Ils prennent le parti d’aller jeter le cadavre dans le Rhône ce qui n’est que trop commun dans la ville de Lyon.

Je ne vois que cette seule manière d’expliquer le fait avec vraisemblance. Toutes les accusations de viol et d’assassinat me paraissent le comble de l’absurdité et de la contradiction.

Je supplie monsieur le rapporteur de vouloir bien peser ma conjecture, et de la comparer avec toutes les pièces qu’il a sous les yeux.

Je crois que les chirurgiens de Lyon qui ont fait le rapport sur le cadavre trouvé dans le Rhône se sont trompés, et qu’en voulant soutenir leur erreur ils ont exposé les accusés à la haine publique, et au danger d’un arrêt de mort.

Je ne doute pas que monsieur le rapporteur n’ait lu le mémoire sur la cause de la mort des noyés, par le médecin Duchemin de l’Étang. Ce mémoire est très-contraire à celui des chirurgiens de Lyon.

Les étonnantes dépositions d’un enfant de cinq ans et demi contre sa mère me semblent également horribles et frivoles.

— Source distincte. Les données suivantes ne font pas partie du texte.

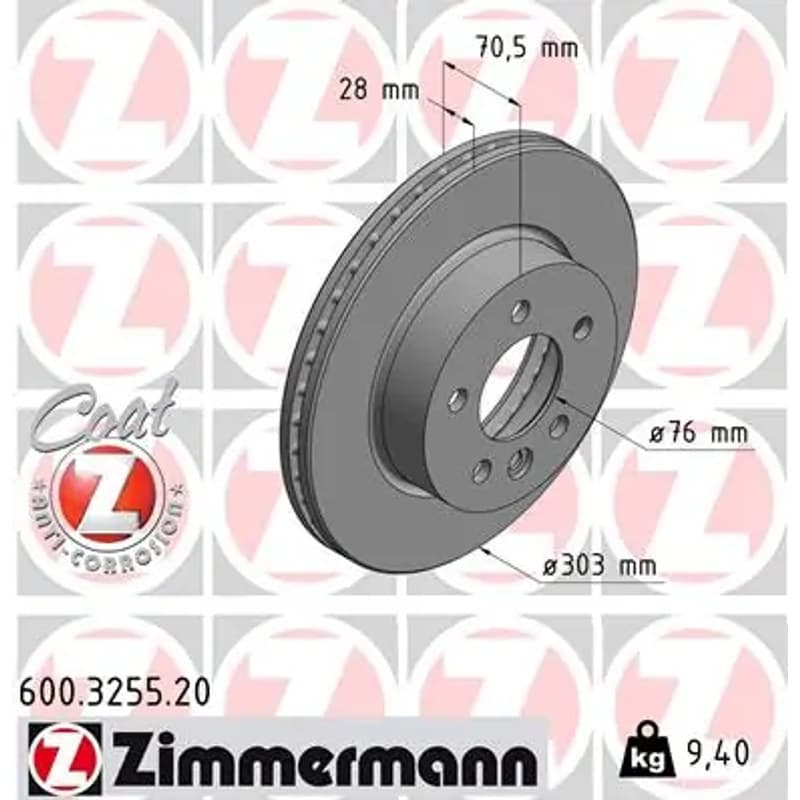 ZIMMERMANN stabdžių diskas 600.3255.20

Je sais d’un avocat, qui eut la permission d’interroger cet enfant, qu’il lui fit toujours dire oui à toutes les questions qu’il lui faisait. « N’as-tu pas vu violer debout la petite Claudine Lerouge ? — Oui. — Ne lui avait-on pas lié les jambes l’une sur l’autre avec une grosse corde pour la mieux violer ? — Oui. — Ne disait-elle pas certaines paroles d’amitié quand on la violait ? — Qui. »

Toutes les dépositions de l’enfant sont de nulle valeur.

Toutes les autres dépositions justifient les accusés.

L’huissier Constant, qui a conduit cette affaire épouvantable, a été condamné à être pendu en 1769, un an après la mort de Claudine Lerouge.

Je soumets toutes mes idées aux lumières de monsieur le rapporteur, et je le supplie d’agréer ma confiance et mon respect.